- Born: George Joseph Maloof Jr. September 2, 1964 (age 61) Albuquerque, New Mexico, U.S.
- Education: University of Nevada, Las Vegas
- Occupations: Entrepreneur, businessman
- Parent: George J. Maloof Sr.
- Relatives: Adrienne Maloof (sister)

= George J. Maloof Jr. =

American entrepreneur and businessman (born 1964)

George Joseph Maloof Jr. (born September 2, 1964) is an American entrepreneur and businessman. He is the former owner of the Sacramento Kings, the former owner of the now defunct Sacramento Monarchs, and was minority owner of the Palms Casino Resort in Las Vegas with his brothers Joe Maloof, Gavin Maloof, Phil Maloof, and sister Adrienne Maloof. He is part of the Maloof family.

==Life and career==
Maloof is of Lebanese and Irish descent.
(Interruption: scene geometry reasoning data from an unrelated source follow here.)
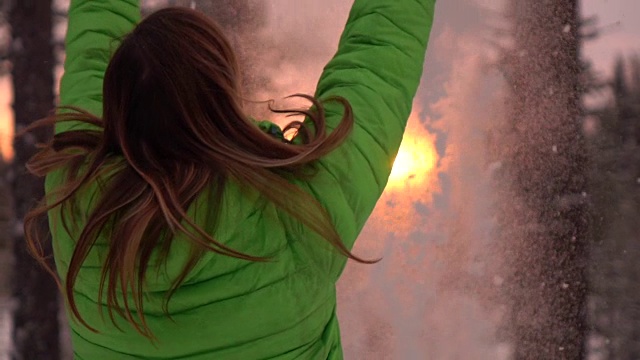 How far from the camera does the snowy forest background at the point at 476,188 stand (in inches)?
54.1

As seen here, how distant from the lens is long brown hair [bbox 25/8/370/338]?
682mm

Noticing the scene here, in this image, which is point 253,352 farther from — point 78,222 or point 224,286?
point 78,222

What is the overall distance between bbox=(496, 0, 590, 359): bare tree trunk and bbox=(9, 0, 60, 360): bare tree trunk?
89 cm

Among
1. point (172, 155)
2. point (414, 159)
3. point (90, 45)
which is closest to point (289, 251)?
point (172, 155)

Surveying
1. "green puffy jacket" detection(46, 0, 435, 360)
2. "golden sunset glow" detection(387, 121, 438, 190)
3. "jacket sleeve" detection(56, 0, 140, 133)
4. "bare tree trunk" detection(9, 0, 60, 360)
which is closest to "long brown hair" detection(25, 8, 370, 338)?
"green puffy jacket" detection(46, 0, 435, 360)

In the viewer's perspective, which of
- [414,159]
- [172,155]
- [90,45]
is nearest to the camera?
[172,155]

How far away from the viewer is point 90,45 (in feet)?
2.99

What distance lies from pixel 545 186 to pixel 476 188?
0.44ft

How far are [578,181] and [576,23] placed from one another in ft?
0.99

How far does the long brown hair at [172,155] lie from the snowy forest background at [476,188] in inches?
26.1

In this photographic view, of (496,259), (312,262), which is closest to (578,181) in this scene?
(496,259)

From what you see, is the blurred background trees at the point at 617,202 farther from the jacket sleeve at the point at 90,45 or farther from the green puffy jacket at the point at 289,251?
the jacket sleeve at the point at 90,45

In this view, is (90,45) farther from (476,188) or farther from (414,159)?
(476,188)

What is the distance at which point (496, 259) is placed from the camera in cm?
140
He was born and raised in Albuquerque, New Mexico, where his father, George Sr., operated a Coors beer distributorship. He attended the University of Nevada, Las Vegas where he studied casino management. He graduated Class of 1987 and was a member of the Kappa-Alpha chapter of Kappa Sigma fraternity. While at UNLV, Maloof played cornerback for the Runnin' Rebels football team. Death Row Records co-founder Suge Knight was his locker mate.

Maloof was the leading force behind the building and operation of the Palms Casino Resort just off Flamingo Road in Las Vegas, Nevada. He has overseen the operation of hotels throughout the Southwest and California, including the Fiesta hotel-casino in North Las Vegas, the Central Palace Casino in Central City, Colorado, and the Palms.

Maloof opened his first casino in Central City, Colorado, before returning to Las Vegas to open the Fiesta in 1994. He then built the 430-room Palms resort in 2001 with family money. The hotel, which accrues more than $50 million in annual profits, boasts stripper poles in private rooms, the Real World Suite (home to MTV's reality series) and an emphasis on hiring beautiful women. "If you have the girls, you are going to get the guys," Maloof once said. The Palms has hosted the MTV Video Music Awards, NBA All-Star weekend and the Ocean's 13 premiere.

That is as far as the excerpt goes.